(Beginning of EXERCISE DATA)

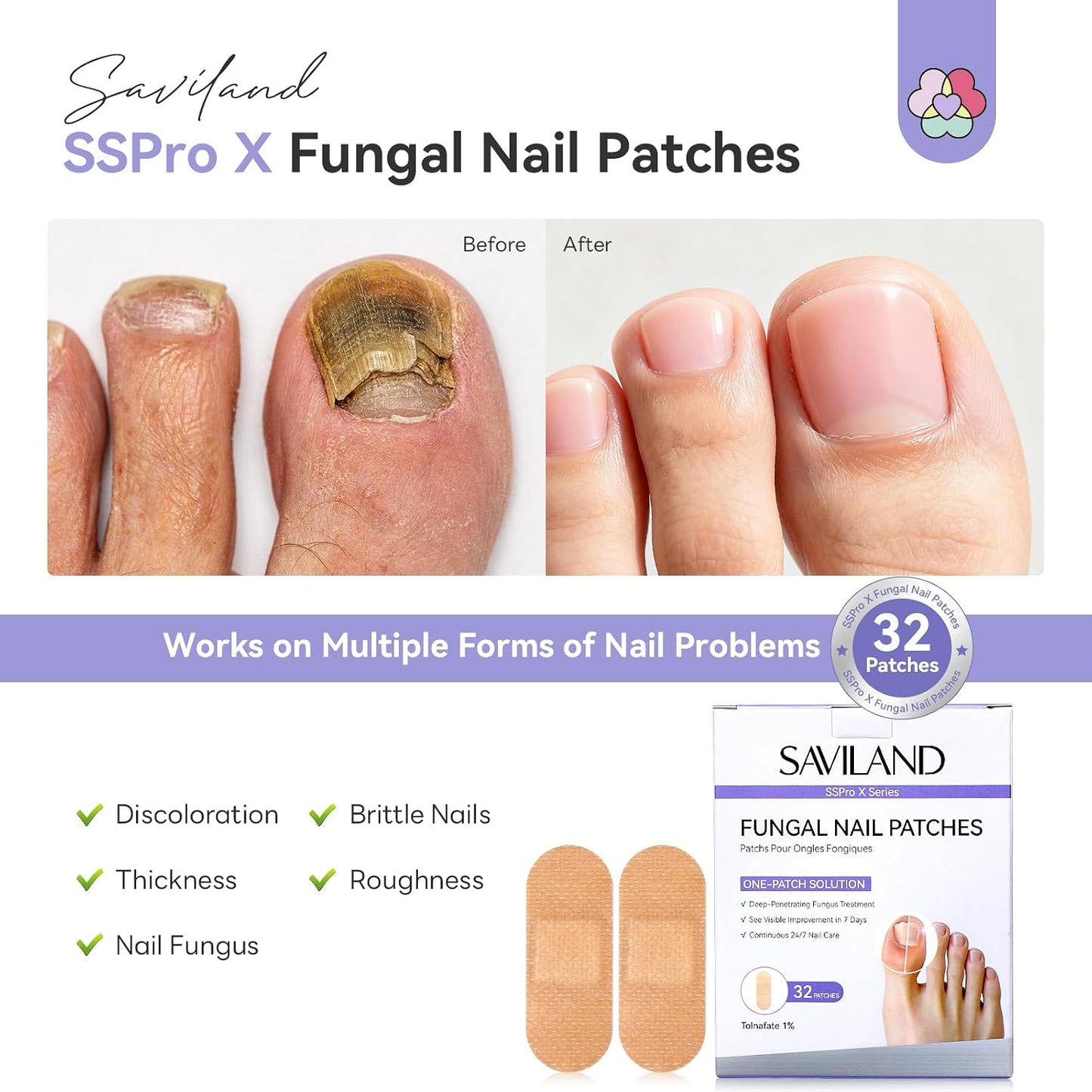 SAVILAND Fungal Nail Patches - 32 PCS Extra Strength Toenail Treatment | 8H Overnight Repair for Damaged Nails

(End of EXERCISE DATA)
(Beginning of EXERCISE DATA)

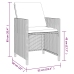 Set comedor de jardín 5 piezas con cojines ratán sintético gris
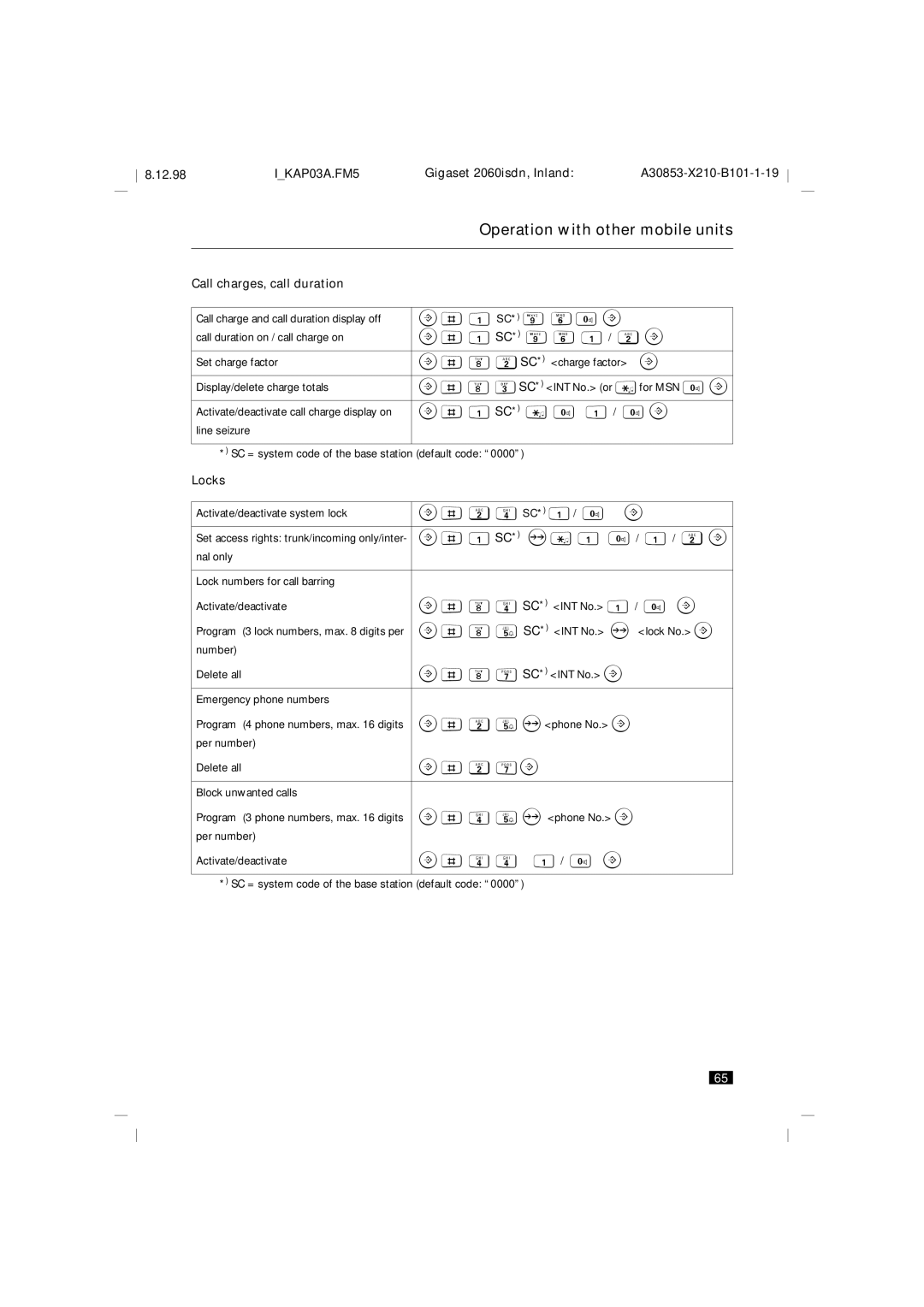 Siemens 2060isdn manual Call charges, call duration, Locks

(End of EXERCISE DATA)

TASK OBJECTIVE: Above are the records; copy exactly the lines from the one with "Set comedor de" through the one with "Siemens 2060isdn manual", including both, and nothing more. Leave out pictures.

RESPONSE AREA:
 Set comedor de jardín 5 piezas con cojines ratán sintético gris
 Siemens 2060isdn manual Call charges, call duration, Locks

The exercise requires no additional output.